Our grinder has been giving up the ghost for some time and has finally snuffed it. It began to switch itself on in the middle of the night, grinding at random and so our coffee has been more & more compromised. So I started surfing for an answer this morning and I found your fantastic site. I have so much to learn ...

It was a Cusininart DBM8 which I gather is hardly recognised as entry level, but it suited our french press. I am sure we can do better.

Anyway, glad to be aboard.


----------



## The Systemic Kid (Nov 23, 2012)

Welcome to the forum.


----------



## seeq (Jul 9, 2011)

Hi skipcrazy and welcome. What kind of budget do you have for a new grinder? Baratza Encore is generally seen as the lowest of the entry levels suitable for brewed at around £130. If you do want cheap cheap then any burr grinder would be better than nothing.

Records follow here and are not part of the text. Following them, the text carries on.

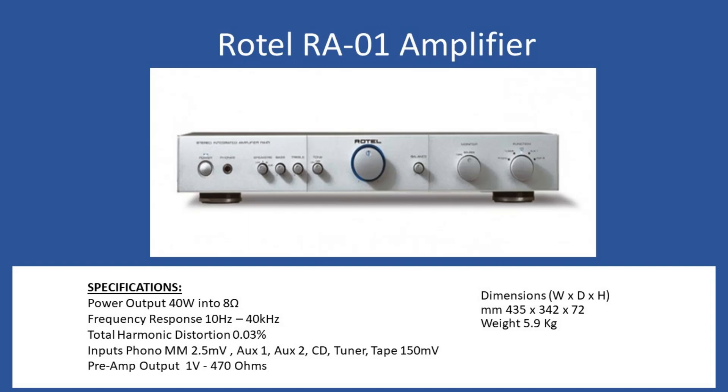Hello and welcome to this repair tutorial. Today we're going to look at a Rotel, and the model number is RA-01.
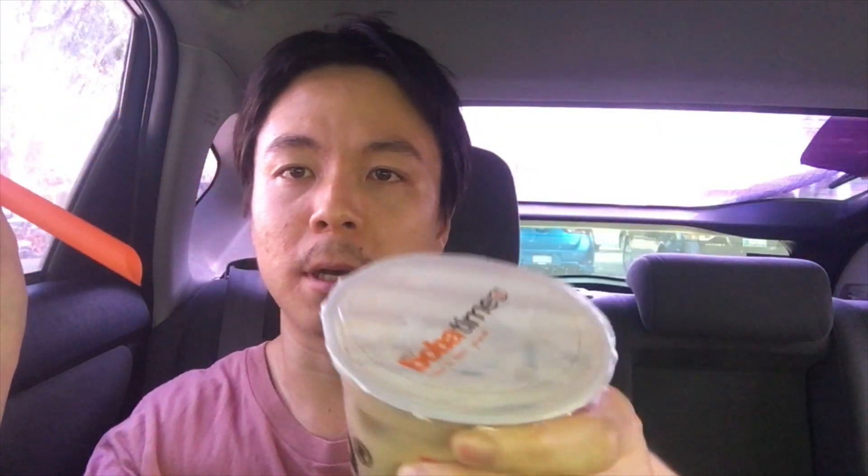Without further ado, here is the straw — let's get started. This is a big straw; I seldom use this kind of straw. So let's open this. Okay, here it is. This is big. I think this goes — yes, you need to poke this side into the boba.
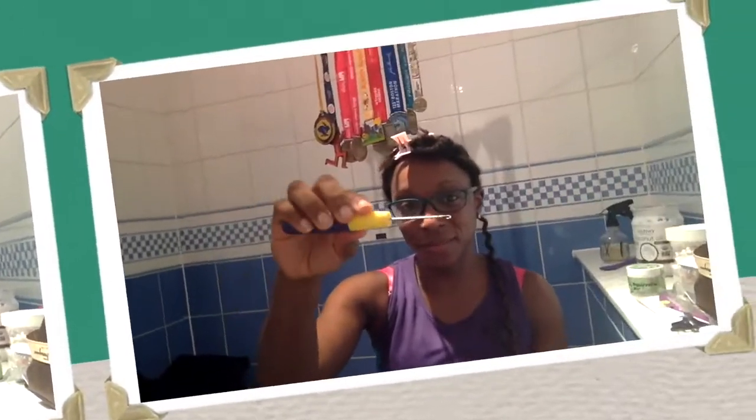Just to show you the braid pattern here — after leaving a perimeter at the front, the rest is going straight back.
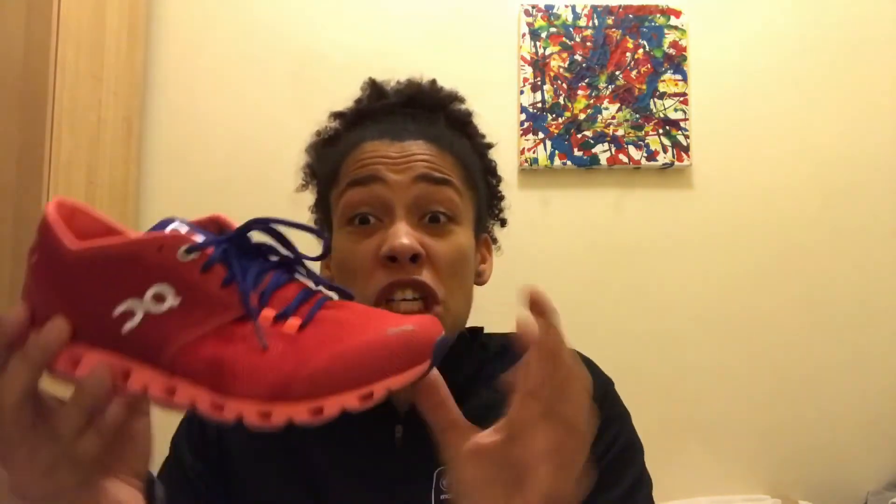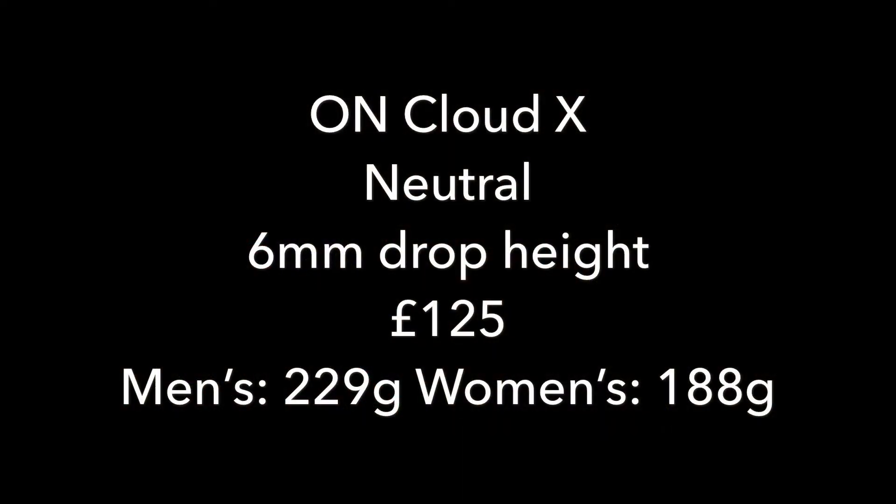Overall, I would really use this shoe more for your gym work, your light 5Ks. I wouldn't look to do distance in this shoe, but in general from On, it's another great shoe just to throw into the mix. I will be reviewing one of the shoes called the Cloudflow in the future, which I really, really love — so look out for that one. CloudX, coming out this month.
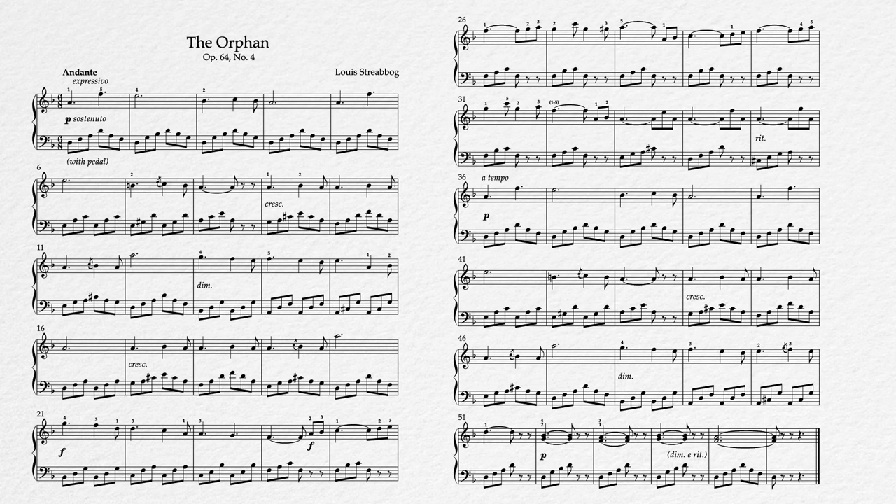That's going to be an important bit of knowledge to keep in mind when working out this left hand in particular. As with the piece from our last lesson, this piece has a tempo marking of andante, an initial dynamic of piano, and even a similar editor-included marking of 'with pedal,' which is not in the original publication but has been added by me after the fact to confirm a general assumed performance practice.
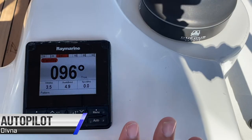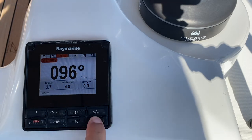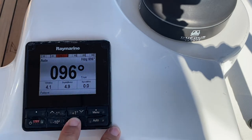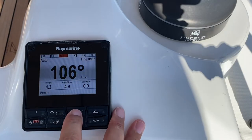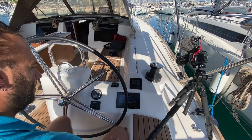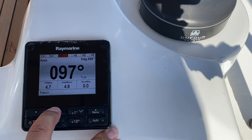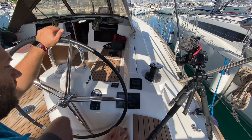The autopilot controls are located on the starboard helm station. To engage autopilot, press auto — this will hold your heading at the current bearing. To increase your bearing to starboard by 10 degrees, press plus 10 degrees. To increase it by one degree at a time, use plus one degree. To decrease your bearing and turn to port, press minus 10. To do this by singular degrees, press minus one. To helm manually, press standby and then you can take the helm.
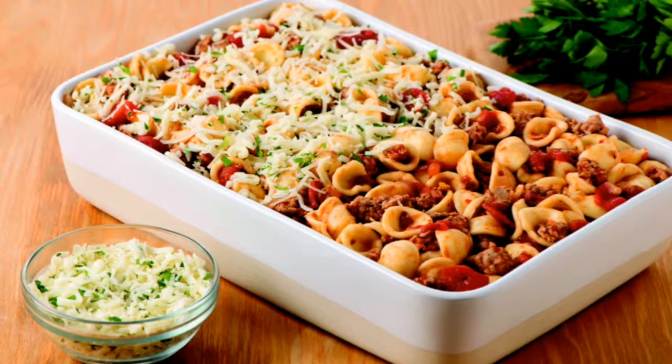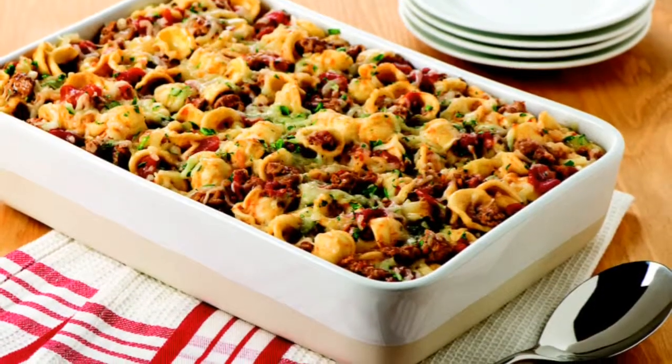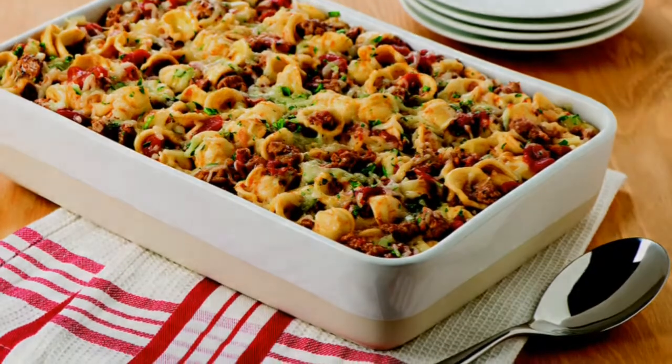Top with cheese and broil until the cheese is melted. Serve the pasta with a salad for a complete meal. Try it for dinner tonight.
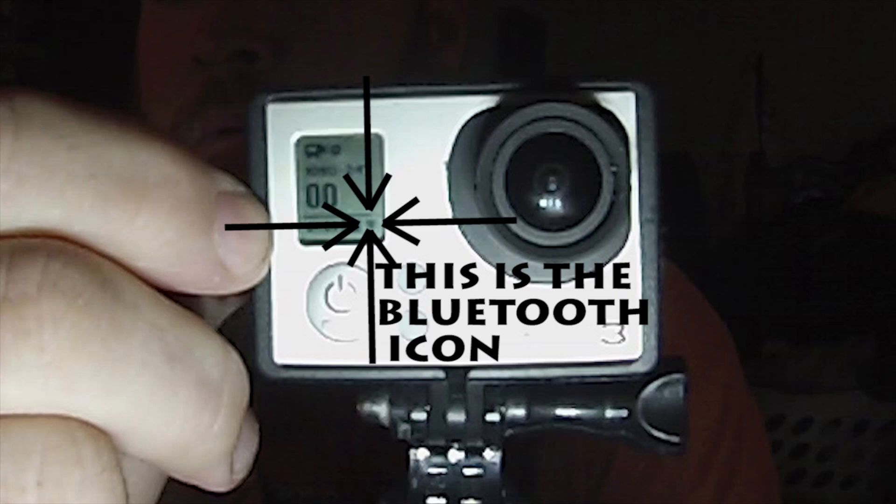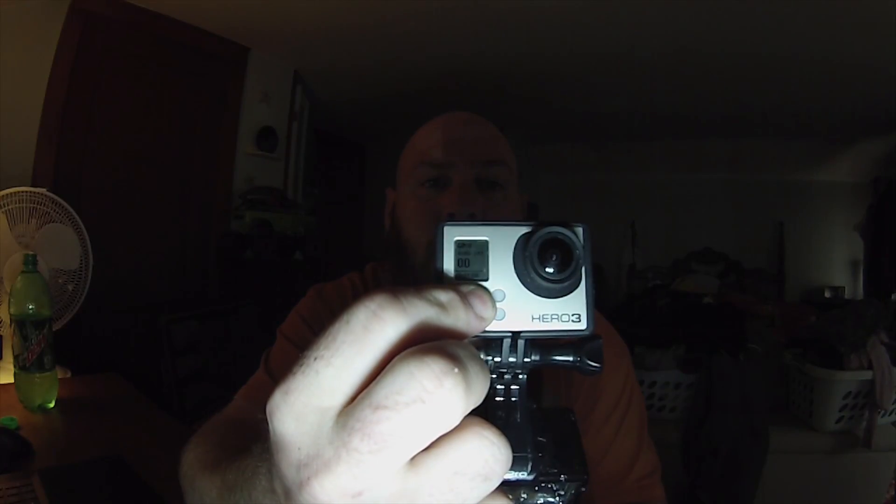Turn your GoPro on. While the GoPro's on, right next to the little battery icon — when you push and hold while the camera's on, you'll see that signal disappear. Give it a second, make sure it doesn't turn back on. Turn the camera off, and you're not going to get the blue light flash to come back.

If you stick around and get the bug then there are plenty of threads full of advice and opinions on grinders from a couple of hundred quid up to a couple of thousand.


----------



## skipcrazy (Jan 9, 2016)

Thanks seeq. I reckon that's within our budget ... the question is whether we spend a bit more for something that could grind for other methods too.

I read a great thread on grinders earlier started by coffeechap, so I'm beginning to see the light.


----------



## 2bor2bru (Mar 7, 2016)

Like you a suitable grinder has drawn us to this site.


----------